[Entries taken from a collection]
----
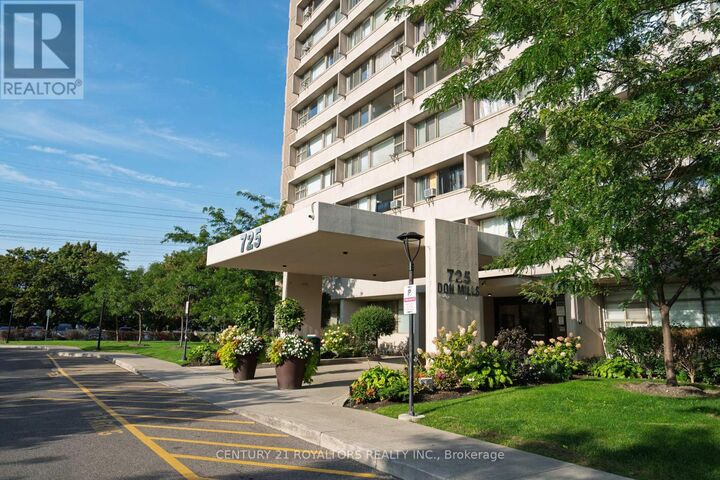 Property Photo:  725 Don Mill Road 906  ON M3C 1S8 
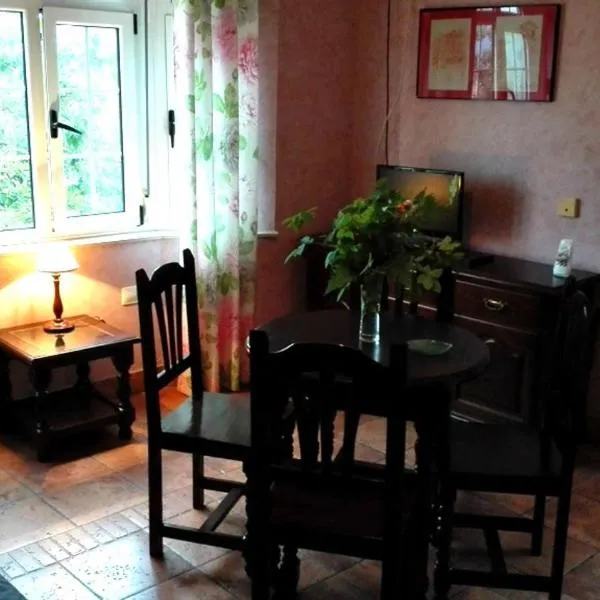 Apartamentos Los Balcones, hotel v destinaci Tineo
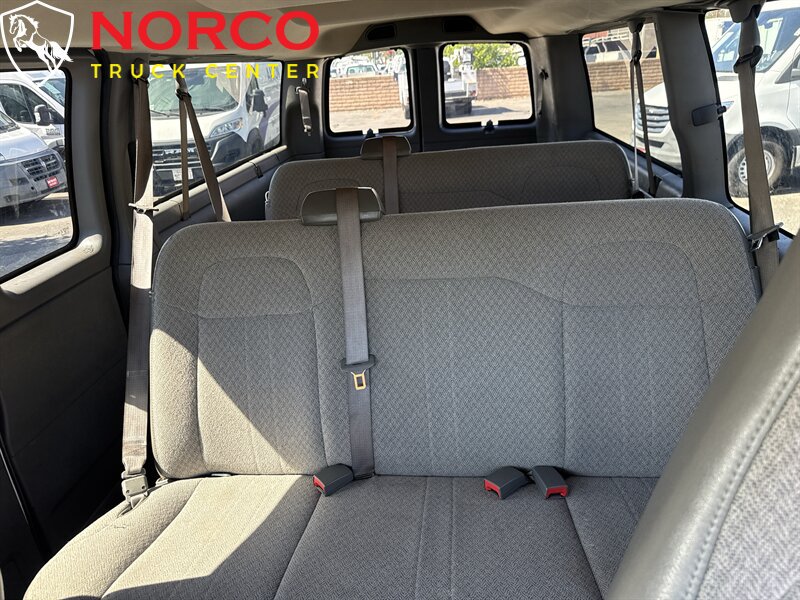 Used 2023 GMC Savana 3500 LS RWD image 15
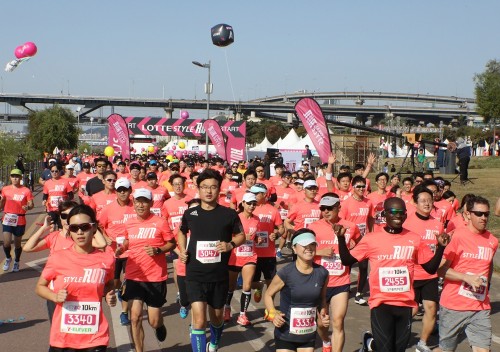 롯데그룹 유통사업부문은 오는 4월 19일부터 오전 10시부터 홈페이지에서 ‘제2회 롯데 스타일런’ 사전 접수를 진행한다고 밝혔다. 지난해 행사 장면. 사진=롯데그룹 유통사업부문 제공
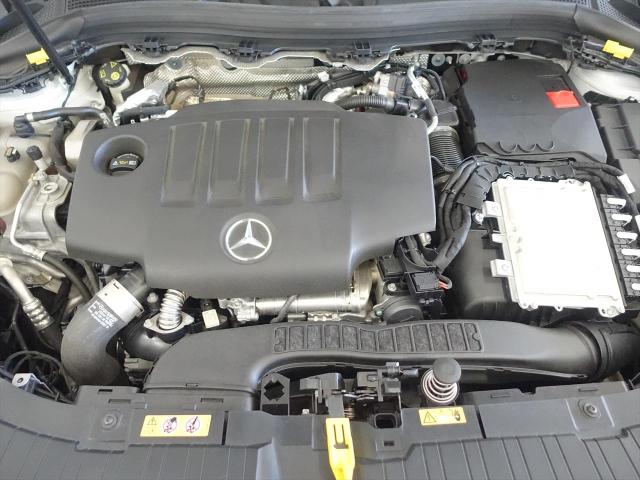 GLA200 d 4MATIC AMGライン ナビゲーションパッケージ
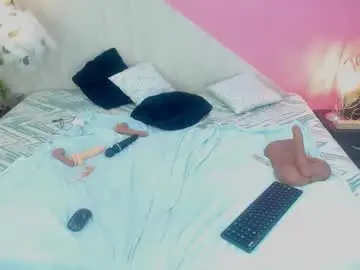 Chaturbate Live Porn of adisson_petite1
----
## Activity
Give again, word for word, every line from the top of the data through the line with "GLA200 d 4MATIC AMGライン ナビゲーションパッケージ", both ends included, and exclude the pictures.

## Answer section
 Property Photo:  725 Don Mill Road 906  ON M3C 1S8 
 Apartamentos Los Balcones, hotel v destinaci Tineo
 Used 2023 GMC Savana 3500 LS RWD image 15
 롯데그룹 유통사업부문은 오는 4월 19일부터 오전 10시부터 홈페이지에서 ‘제2회 롯데 스타일런’ 사전 접수를 진행한다고 밝혔다. 지난해 행사 장면. 사진=롯데그룹 유통사업부문 제공
 GLA200 d 4MATIC AMGライン ナビゲーションパッケージ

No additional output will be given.